Figure 7.. MPM is enriched for both EMT and mRNA expression of immune targets.

A: Unsupervised analysis identifies correlations between EMT and multiple platforms. Tumors are ordered from left to right according to increasing EMT score. Numbered color bars indicate group assignments (clusters) from other data types. Statistically significant correlations are shown between EMT score and (starting at top) integrative multi-dimensional analyses on both iCluster and PARADIGM platforms, along with mRNA, miRNA and lncRNA clusters, methylation status and consensus histology. Lower panels illustrate significant correlations between these clusters and selected miRNAs, proteins, immune target genes. B: Spectra of EMT scores across different tumor types. Mesothelioma is the second most mesenchymal cancer type after sarcoma in 31 tumor types analyzed. Despite most MPM tumors having undergone EMT, a broad range of EMT scores were observed across mesothelioma cases, which corresponded to a large extent with histologic subtype. C: Waterfall plot illustrating the correlation between EMT and immune target genes.
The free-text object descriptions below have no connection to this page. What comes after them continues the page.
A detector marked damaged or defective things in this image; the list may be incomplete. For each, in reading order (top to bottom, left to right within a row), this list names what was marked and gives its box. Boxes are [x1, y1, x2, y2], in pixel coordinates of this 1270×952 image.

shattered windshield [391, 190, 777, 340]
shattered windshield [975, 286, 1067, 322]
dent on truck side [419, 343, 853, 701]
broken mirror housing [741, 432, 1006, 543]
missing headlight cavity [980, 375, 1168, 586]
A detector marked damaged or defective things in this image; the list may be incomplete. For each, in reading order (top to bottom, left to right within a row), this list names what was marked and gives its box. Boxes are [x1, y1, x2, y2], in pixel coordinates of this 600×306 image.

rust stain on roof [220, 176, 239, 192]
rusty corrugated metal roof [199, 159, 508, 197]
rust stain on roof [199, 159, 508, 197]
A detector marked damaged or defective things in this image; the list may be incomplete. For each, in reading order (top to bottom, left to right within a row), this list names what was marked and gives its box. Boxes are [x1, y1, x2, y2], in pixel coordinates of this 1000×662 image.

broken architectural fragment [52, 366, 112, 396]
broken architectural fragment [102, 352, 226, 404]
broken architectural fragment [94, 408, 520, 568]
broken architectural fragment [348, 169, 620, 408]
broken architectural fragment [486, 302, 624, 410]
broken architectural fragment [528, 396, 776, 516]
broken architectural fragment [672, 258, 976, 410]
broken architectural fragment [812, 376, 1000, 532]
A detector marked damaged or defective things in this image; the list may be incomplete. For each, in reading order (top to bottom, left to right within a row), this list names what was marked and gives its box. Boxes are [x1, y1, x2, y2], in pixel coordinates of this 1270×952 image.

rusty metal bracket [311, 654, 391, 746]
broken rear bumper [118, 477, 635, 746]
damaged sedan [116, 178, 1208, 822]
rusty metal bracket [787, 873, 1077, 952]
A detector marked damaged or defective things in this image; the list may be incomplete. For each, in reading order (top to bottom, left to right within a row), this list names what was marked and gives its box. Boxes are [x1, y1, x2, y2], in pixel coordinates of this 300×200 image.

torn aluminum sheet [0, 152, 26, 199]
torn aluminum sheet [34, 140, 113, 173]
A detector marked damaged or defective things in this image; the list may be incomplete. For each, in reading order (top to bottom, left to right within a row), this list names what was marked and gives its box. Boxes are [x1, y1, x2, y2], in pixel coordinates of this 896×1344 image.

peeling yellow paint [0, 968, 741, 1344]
D: Plot highlighting VISTA gene mRNA expression, which is highest in MPM, across all TCGA tumor types. E: Box plot indicating VISTA mRNA expression levels in individual histological types of the TCGA MPM cohort. The highest mRNA expression levels were observed in the epithelioid subtype (Wilcoxon rank-sum, p=2e-7), whilst sarcomatoid MPM had the lowest mRNA expression (p=0.017). Red arrows indicate two epithelioid cases that were examined by immunohistochemistry, TCGA-SC-A6LQ-01 (1) and TCGA-SC-A6LM-01 (2). F: Immunohistochemical staining for VISTA (Rabbit monoclonal anti-VISTA antibody, clone D1L2G, 0.1 μg/mL, Cell Signaling Technology, Danvers, MA, USA) in normal mesothelial lining from pleura (*) and benign pleuritis with reactive mesothelial proliferation (**), and 2 TCGA MPM cases, TCGA-SC-A6LQ-01 (1) and TCGA-SC-A6LM-01 (2); images captured at 100x magnification. These results confirm high protein expression of VISTA on tumor cells in epithelioid MPM. G: VISTA immunohistochemistry. VISTA protein is expressed both in tumor cells (red arrows) and in infiltrating inflammatory cells (black arrows) in the epithelioid MPM case TCGA-SC-A6LQ-01. Image captured at 200x magnification.